The Trinidad & Tobago government says it will not enter into any structural adjustment programme with the International Monetary Fund (IMF), but defended its decision to have advisers from the IMF and the World Bank assist with reviving the oil-dependent economy.

"We are not in any standby arrangement and under this PNM (People's National Movement) administration, under the leadership of Dr Keith Christopher Rowley, there will be no standby arrangement with the IMF," said Finance Minister Colm Imbert in Parliament on Monday.

Opposition legislators have charged that the eight-month-old Rowley administration was seeking to hoodwink Trinidadians and had entered into an agreement with the IMF as the country deals with a significant decline in revenue due to falling world oil prices.

Last weekend, the leader of the Movement for Social Justice (MSJ), David Abdula, described as "an amazing indication of the abject failure" the decision of the government to seek the assistance of the two financial institutions in dealing with the sluggish local economy.

"It's an indication that he's (Imbert) unsure of what he's doing and if that is an indication of that, then that contributes to the lack of confidence generally in the economy," Abdulah said.

Last week, Imbert announced that teams from the two multilateral agencies were in Trinidad assisting the government saying: "We have made arrangements for experts, primarily from the World Bank, but also from the IMF, to give us advice on a number of pressing matters. The first one would be an appropriate oil and gas fiscal regime in the current environment of low oil prices and declining production in our oil and gasfields."


It would look at ways to boost revenue in a low oil price environment as well as "provide incentives to oil companies" goals that Imbert himself said would appear contradictory.

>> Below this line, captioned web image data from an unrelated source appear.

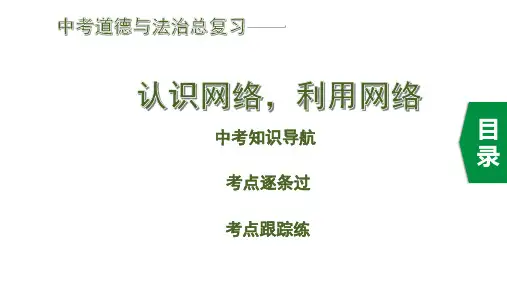 中考道德与法治总复习《认识网络,利用网络》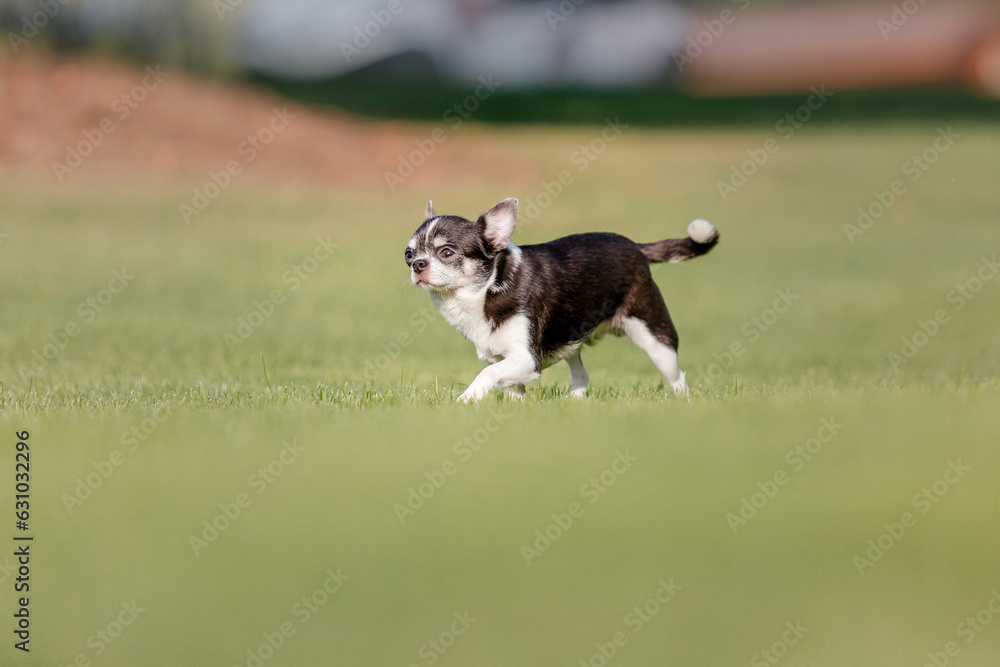 Cute chihuahua dog on green grass. Miniature dog walking outdoor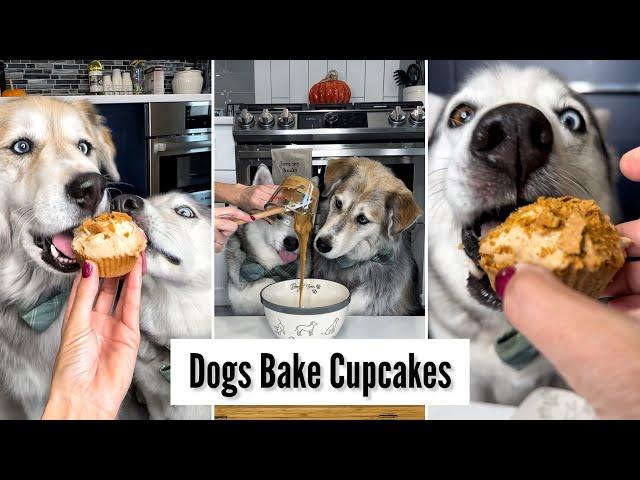 Huskies Bake Cupcakes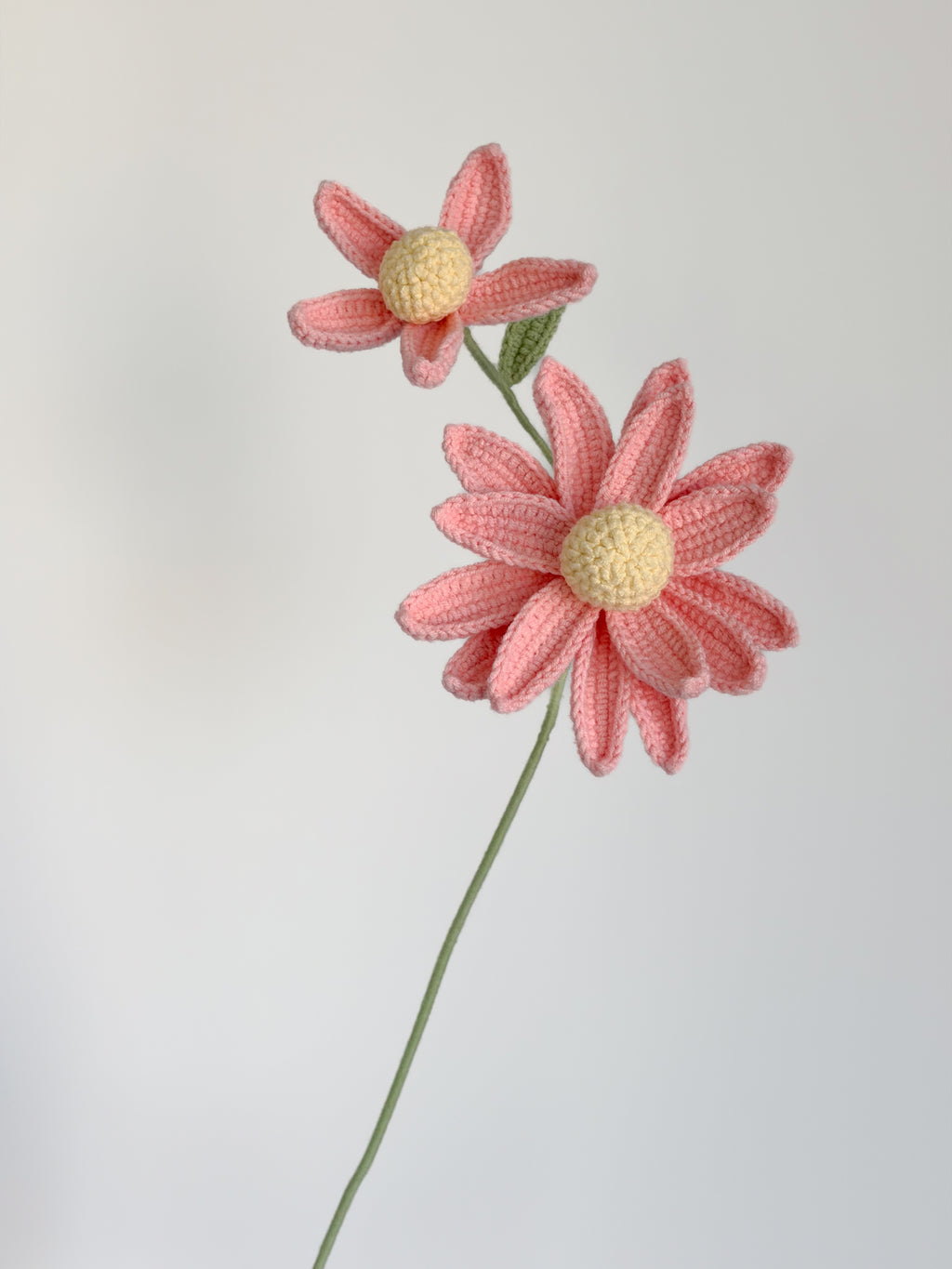 Sonnenhut - Rosa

The finance minister defended the new plan, telling legislators that "multinational companies charge expenses in their head office, which are unreasonable and thereby deprive Trinidad & Tobago of revenue. So this much reviled and hated IMF ... will help this country to design a competitive oil and tax regime which will boost revenue for Trinidad & Tobago and assist us with transfer pricing, which will allow us to earn as much revenue as we can from the multinationals."

He said the IMF assist countries all over the world and accused the opposition of wanting to "frighten people for absolutely no reason".

As for the Economic Advisory Board, Imbert defended its composition as all-inclusive.

"We made sure to bring as many diverse views as possible ... we have people on the right, people on the left, people in the middle, we have trade unionists, we have businessmen, we have academics all together in one creative beautiful mixture," he said.

Earlier this month, the Central Bank of Trinidad and Tobago (CBTT) said the effects of depressed oil prices and global growth uncertainties would continue to weigh on the economy in 2016.

In its latest economic bulletin, the central bank said GDP is projected to contract by close to two per cent, based on forecasts for both the energy and non-energy sectors.

Annual inflation is expected to settle around its 10-year average of six per cent given the impact of the widening of the VAT base on food prices; while the unemployment rate is expected to rise marginally to 4.1 per cent.

Meanwhile, dismissed CBTT governor Jwala Rambarran said on Tuesday that he expects there to be more layoffs as the country deals with the downturn in economic growth.

"We see every week, layoffs, further retrenchment ... strange enough that is happening in a period where you have had significant slack in the labour market," he said on television.

"Our labour market is an area that needs significant reform," Rambarran said.

Rambarran was replaced as central bank governor last December by Dr Alvin Hilaire, after he ran afoul of the Rowley administration with a public declaration that Trinidad was in recession.